• _Items from a dataset_

════════════════════

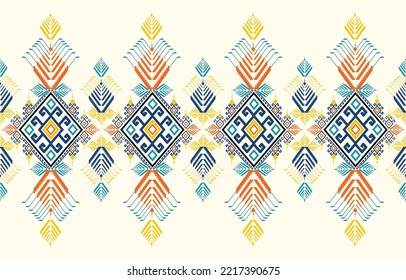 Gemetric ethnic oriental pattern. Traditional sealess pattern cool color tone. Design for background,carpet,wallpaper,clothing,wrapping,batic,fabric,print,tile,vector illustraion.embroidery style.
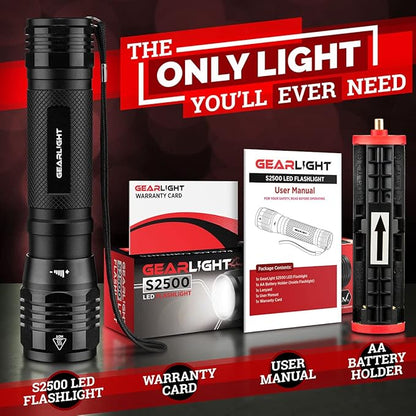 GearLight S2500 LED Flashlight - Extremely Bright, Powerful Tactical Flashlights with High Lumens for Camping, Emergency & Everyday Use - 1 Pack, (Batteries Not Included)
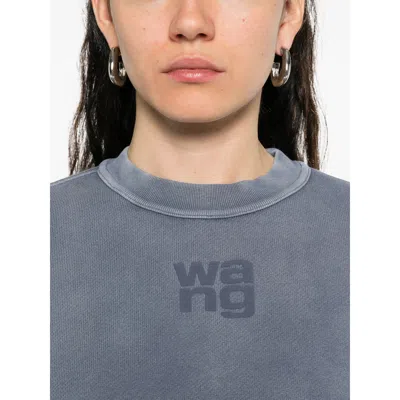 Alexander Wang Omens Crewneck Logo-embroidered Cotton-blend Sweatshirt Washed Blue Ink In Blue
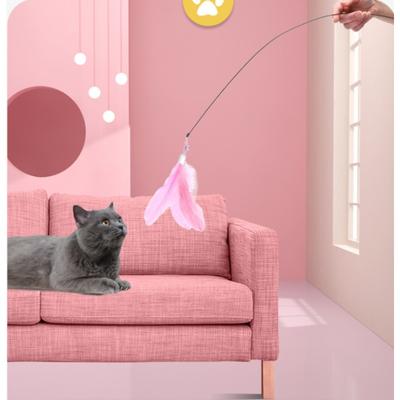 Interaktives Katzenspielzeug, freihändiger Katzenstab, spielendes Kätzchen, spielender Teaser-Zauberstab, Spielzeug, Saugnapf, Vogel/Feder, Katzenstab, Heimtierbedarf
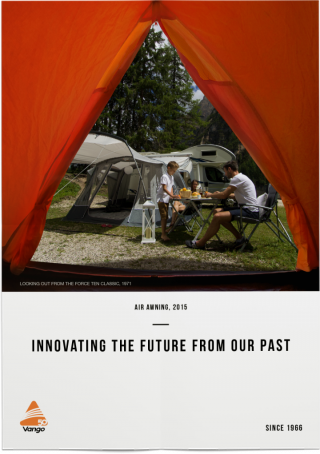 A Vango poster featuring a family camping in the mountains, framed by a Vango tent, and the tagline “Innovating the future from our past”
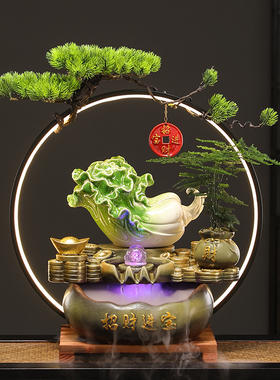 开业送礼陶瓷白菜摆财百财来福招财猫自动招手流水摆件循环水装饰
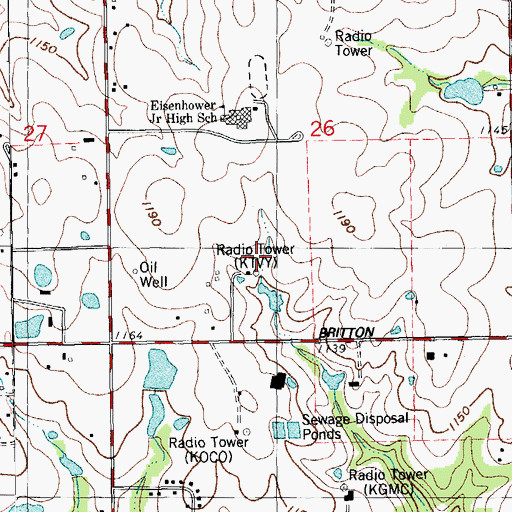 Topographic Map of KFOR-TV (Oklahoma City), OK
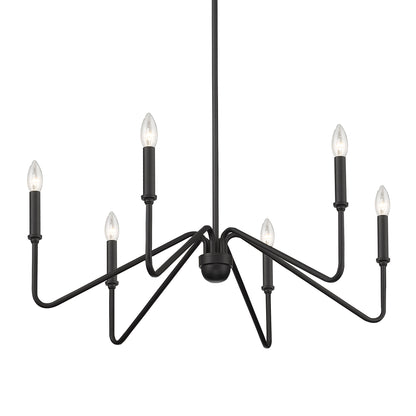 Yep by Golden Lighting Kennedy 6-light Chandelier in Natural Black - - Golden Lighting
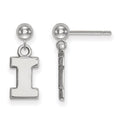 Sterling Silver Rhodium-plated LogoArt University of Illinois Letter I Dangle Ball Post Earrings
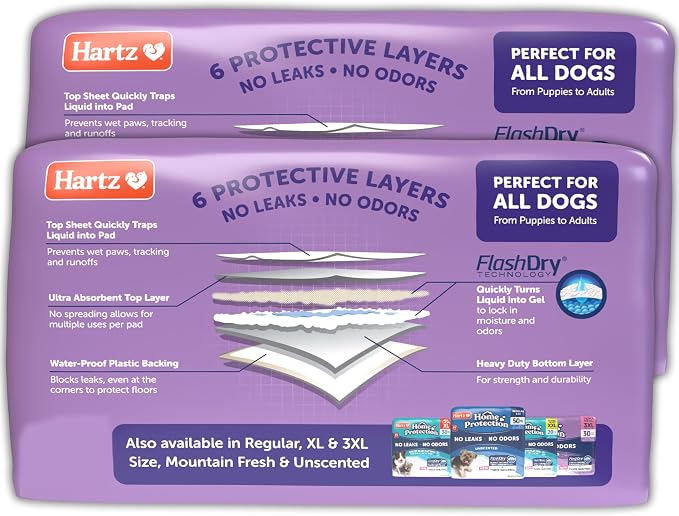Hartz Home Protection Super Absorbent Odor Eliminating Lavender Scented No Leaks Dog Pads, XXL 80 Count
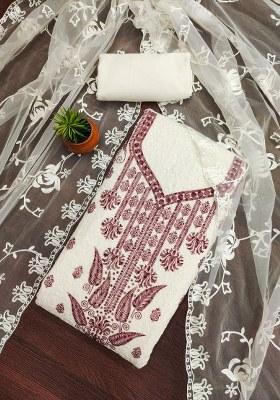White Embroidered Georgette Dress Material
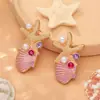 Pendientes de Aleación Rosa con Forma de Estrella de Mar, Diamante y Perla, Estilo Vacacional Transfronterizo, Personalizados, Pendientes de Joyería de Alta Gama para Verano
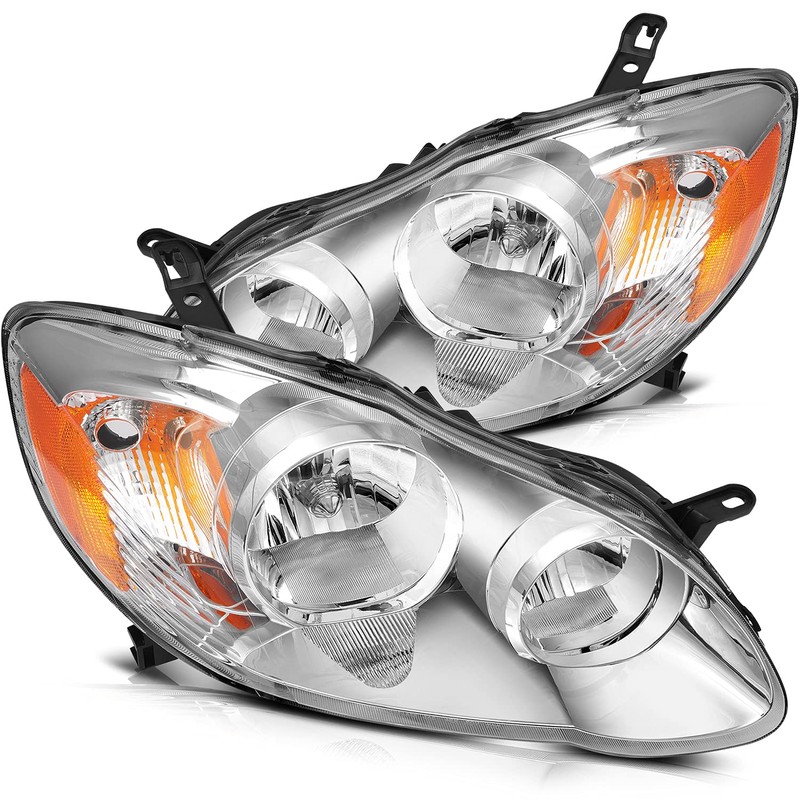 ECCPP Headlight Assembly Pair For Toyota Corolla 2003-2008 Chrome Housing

════════════════════

Please quote exactly the run of lines that starts the entries and ends at the line containing "Interaktives Katzenspielzeug, freihändiger", leaving out every picture.

 Gemetric ethnic oriental pattern. Traditional sealess pattern cool color tone. Design for background,carpet,wallpaper,clothing,wrapping,batic,fabric,print,tile,vector illustraion.embroidery style.
 GearLight S2500 LED Flashlight - Extremely Bright, Powerful Tactical Flashlights with High Lumens for Camping, Emergency & Everyday Use - 1 Pack, (Batteries Not Included)
 Alexander Wang Omens Crewneck Logo-embroidered Cotton-blend Sweatshirt Washed Blue Ink In Blue
 Interaktives Katzenspielzeug, freihändiger Katzenstab, spielendes Kätzchen, spielender Teaser-Zauberstab, Spielzeug, Saugnapf, Vogel/Feder, Katzenstab, Heimtierbedarf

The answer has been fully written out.